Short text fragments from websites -
****

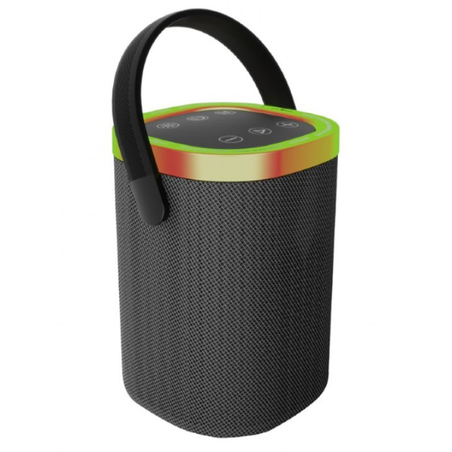SPK-BT-LED-06 Gembird Portable Bluetooth LED speaker, 10W, BT, FM, USB, Handsfree, Black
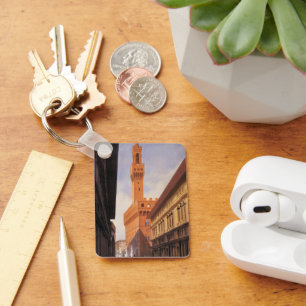 Vintage Travel, Palazzo Vecchio, Florenz, Italien Schlüsselanhänger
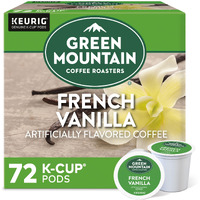 Green Mountain Coffee Roasters French Vanilla Keurig Single-Serve K-Cup Pods, Light Roast Coffee, 72 Count (6 Packs Of 12)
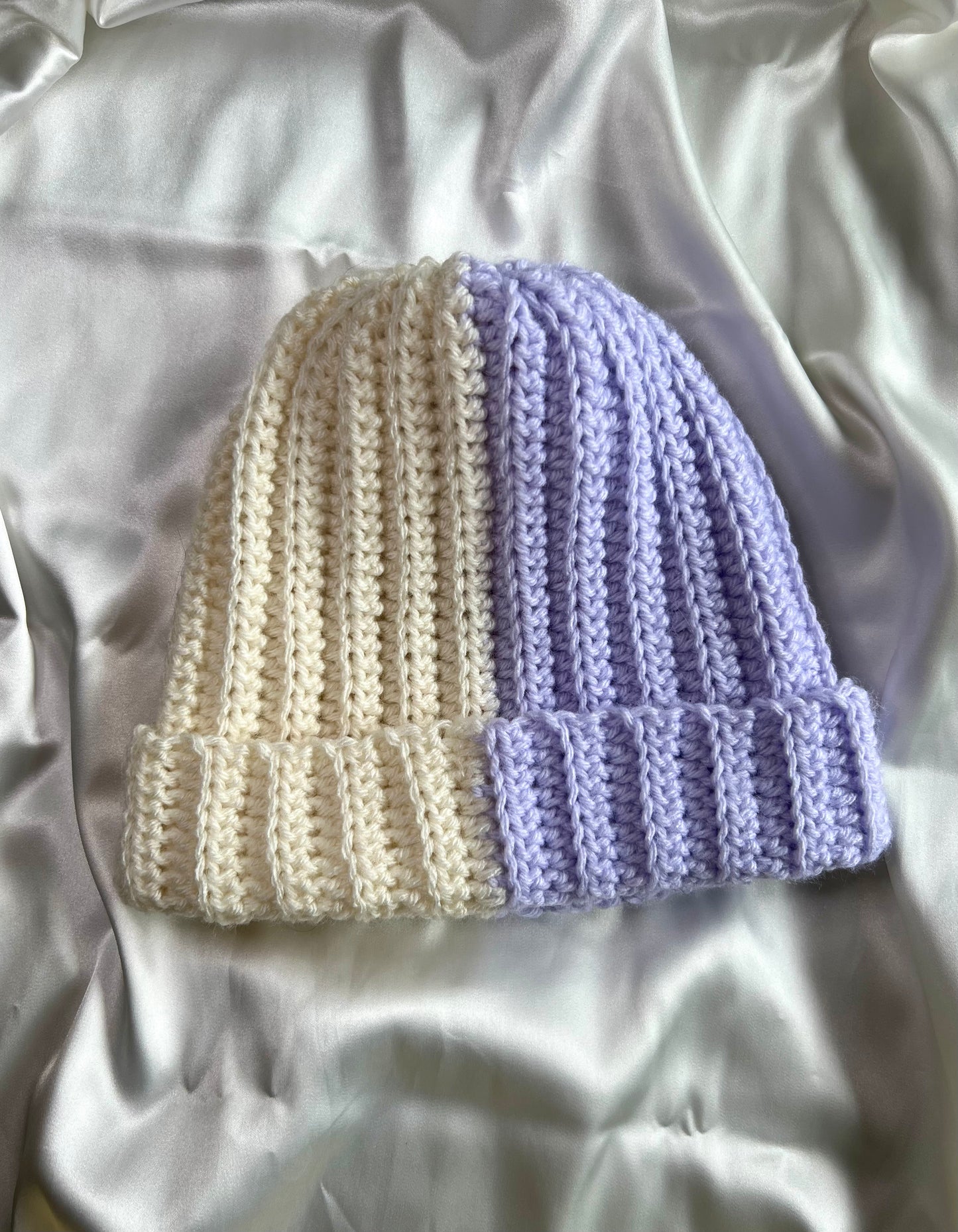 split color beanie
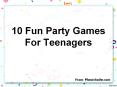 10 Fun Party Games For Teenagers - Plant Jashn PowerPoint PPT Presentation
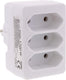 Q-link verdeelstekker - 3-voudig - domino - euro - wit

****

Work required - The lines wanted run from the one with "10 Fun Party" through the final line of the data; repeat them word for word and skip every picture.

Result -
 10 Fun Party Games For Teenagers - Plant Jashn PowerPoint PPT Presentation
 Q-link verdeelstekker - 3-voudig - domino - euro - wit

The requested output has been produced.